Interview: Patti Smith

by / Apr. 14, 2015 10pm EST

When she played the last-ever show at the storied CBGBs, Patti Smith went on a riff in her version of “So You Wanna Be a Rock and Roll Star.” You can watch the video online; it will make you want to make something.  “This is the era / Where everybody creates,” she shouts.  “It’s all open / It’s all open to you / It’s all up to you / What are you going to fucking do with it?”

So, just do it— but really, do it. Get up at five in the morning, like Smith does, and write until the shrieks from a nearby school drive you away from your keyboard. Learn to take photographs. Do some art, write a book, sing a song. Work for a politician. Perform your poetry. Make a record. With a little help from your star-spangled friends, or if they’re gone, by yourself. This is the era where everybody creates. Save the world.

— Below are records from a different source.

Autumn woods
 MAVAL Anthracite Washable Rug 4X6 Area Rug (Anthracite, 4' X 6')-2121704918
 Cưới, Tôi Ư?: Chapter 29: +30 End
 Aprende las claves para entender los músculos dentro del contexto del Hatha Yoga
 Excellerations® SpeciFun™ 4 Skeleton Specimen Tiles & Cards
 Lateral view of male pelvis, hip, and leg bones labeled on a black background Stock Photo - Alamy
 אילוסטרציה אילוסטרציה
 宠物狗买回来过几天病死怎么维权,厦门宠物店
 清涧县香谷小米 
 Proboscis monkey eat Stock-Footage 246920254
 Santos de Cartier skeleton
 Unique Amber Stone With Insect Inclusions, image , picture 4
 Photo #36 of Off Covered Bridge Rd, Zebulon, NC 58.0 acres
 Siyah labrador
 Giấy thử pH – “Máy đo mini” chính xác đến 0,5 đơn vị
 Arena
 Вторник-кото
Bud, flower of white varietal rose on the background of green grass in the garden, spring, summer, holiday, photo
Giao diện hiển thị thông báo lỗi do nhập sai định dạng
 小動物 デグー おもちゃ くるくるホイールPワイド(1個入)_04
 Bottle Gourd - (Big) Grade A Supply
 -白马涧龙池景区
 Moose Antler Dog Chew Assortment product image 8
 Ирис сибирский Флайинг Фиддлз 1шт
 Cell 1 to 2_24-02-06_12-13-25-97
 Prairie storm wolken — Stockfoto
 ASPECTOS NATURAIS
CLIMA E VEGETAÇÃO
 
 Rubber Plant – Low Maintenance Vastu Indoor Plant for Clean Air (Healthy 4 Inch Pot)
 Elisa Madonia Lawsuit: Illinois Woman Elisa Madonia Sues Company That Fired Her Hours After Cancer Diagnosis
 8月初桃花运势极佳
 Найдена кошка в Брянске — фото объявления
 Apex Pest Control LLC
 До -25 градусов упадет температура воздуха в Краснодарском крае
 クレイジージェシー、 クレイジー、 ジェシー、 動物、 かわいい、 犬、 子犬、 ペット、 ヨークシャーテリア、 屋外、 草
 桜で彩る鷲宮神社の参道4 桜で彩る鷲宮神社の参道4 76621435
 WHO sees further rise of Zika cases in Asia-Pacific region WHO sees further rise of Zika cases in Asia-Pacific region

What Smith has been creating is a followup to her humane and lovely memoir Just Kids.  That book won the National Book Award in 2010, and reminded anyone who needed reminding how spectacular a force Smith has been for all our lives. In the meantime, of course, she has been doing everything else: touring with her beloved band; writing Oscar-nominated music for the movie Noah; playing the Vatican. Though she’ll tell you that she dropped out of rock and roll to raise a family, she never quit being an artist or reading poetry or writing, writing, writing. 

Smith will be the last of this year’s speakers in Just Buffalo Literary Center’s Babel Series, at 8pm on Friday at Kleinhans. General admission tickets are still available, but going fast; visit justbuffalo.org or call 832-5400. Students with ID get in for $10. They’ll also be announcing next year’s lineup, so get ready to swoon.


Just Kids struck me as so gentle and so kind and so full of love. How do you handle being a rock star without the fury? And being a writer, it seems, without much cynicism? 
Well, first of all, the way that I handle being a performer is that I never think—I don’t have any image of myself as a rock star. I might have had a brief image of myself as a rock star when I was young, you know, in my 20s, and it was exciting, and I had that sort of frontal, idealistic energy. I still maintain my idealism, but at this time of my life, I think of myself more as sort of a friend, or a performer; I hardly think of myself as a rock star, you know. I have children, I’m 68 years old, I don’t live that kind of lifestyle, you know. I live in my own way fairly simply, and have since 1979, when I left the public arena. 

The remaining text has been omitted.